**MATERIAL PROVIDED**
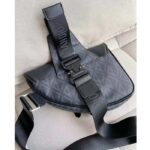 Dior Unisex CD Saddle Bag Black CD Diamond Canvas Smooth Calfskin – Image 5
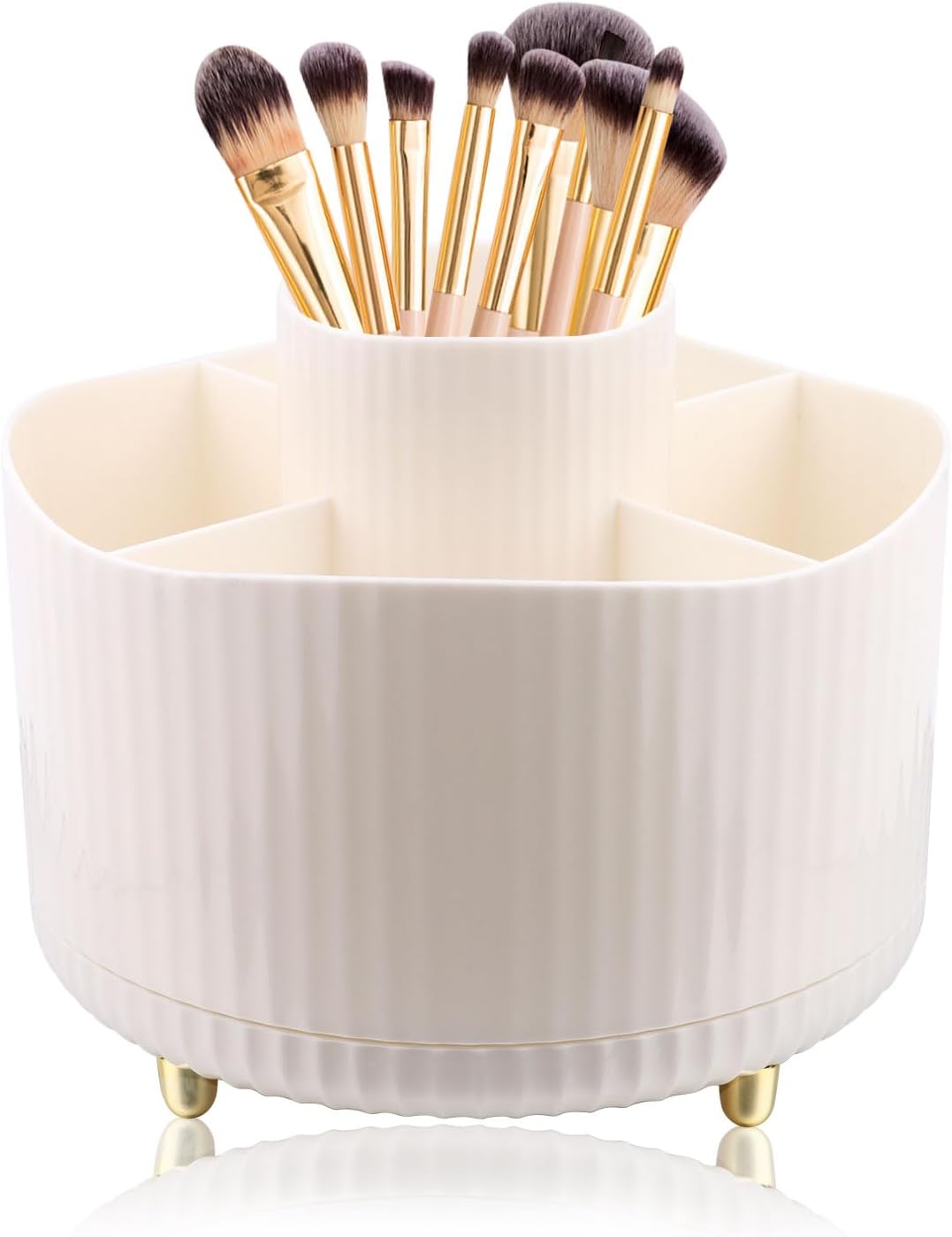 Organisateur maquillage rotatif : l'allié parfait pour les passionnées de beauté   Optimisez votre espace avec ce pot à crayons élégant, conçu pour un rangement efficace de vos pinceaux de maquillage grâce à ses 5 compartiments pratiques. Profitez d'un accès facile à vos essentiels de beauté tout en ajoutant une touche de style à votre coiffeuse.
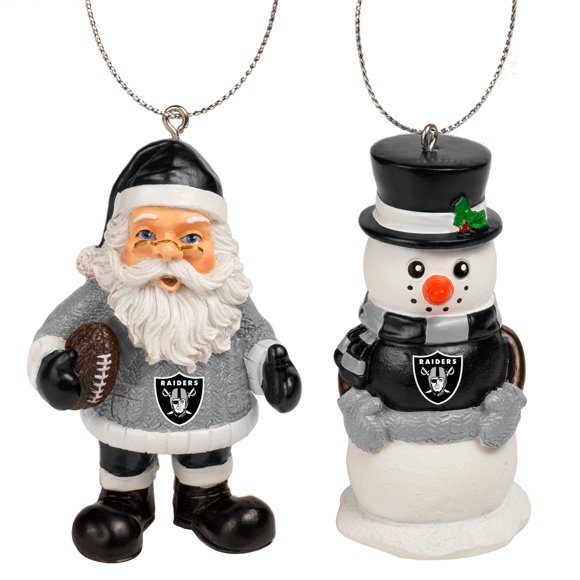 Adorno colgante FOCO Raiders Papá Noel y muñeco de nieve, 9 cm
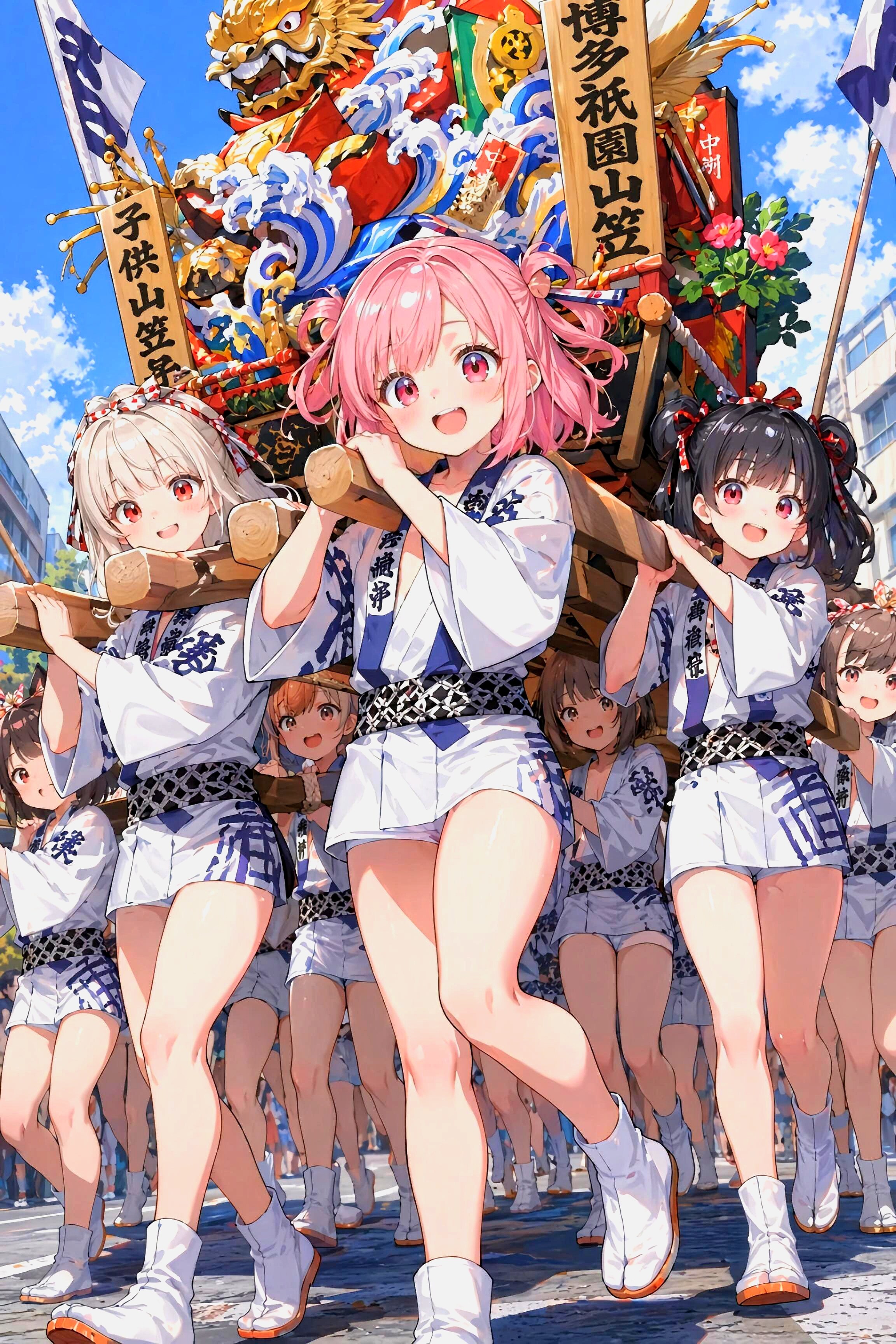 博多祇園山笠に参加した少女たち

**WHAT IS REQUIRED**
Output all of the data exactly. Skip the pictures.

**ANSWER BOX**
 Dior Unisex CD Saddle Bag Black CD Diamond Canvas Smooth Calfskin – Image 5
 Organisateur maquillage rotatif : l'allié parfait pour les passionnées de beauté   Optimisez votre espace avec ce pot à crayons élégant, conçu pour un rangement efficace de vos pinceaux de maquillage grâce à ses 5 compartiments pratiques. Profitez d'un accès facile à vos essentiels de beauté tout en ajoutant une touche de style à votre coiffeuse.
 Adorno colgante FOCO Raiders Papá Noel y muñeco de nieve, 9 cm
 博多祇園山笠に参加した少女たち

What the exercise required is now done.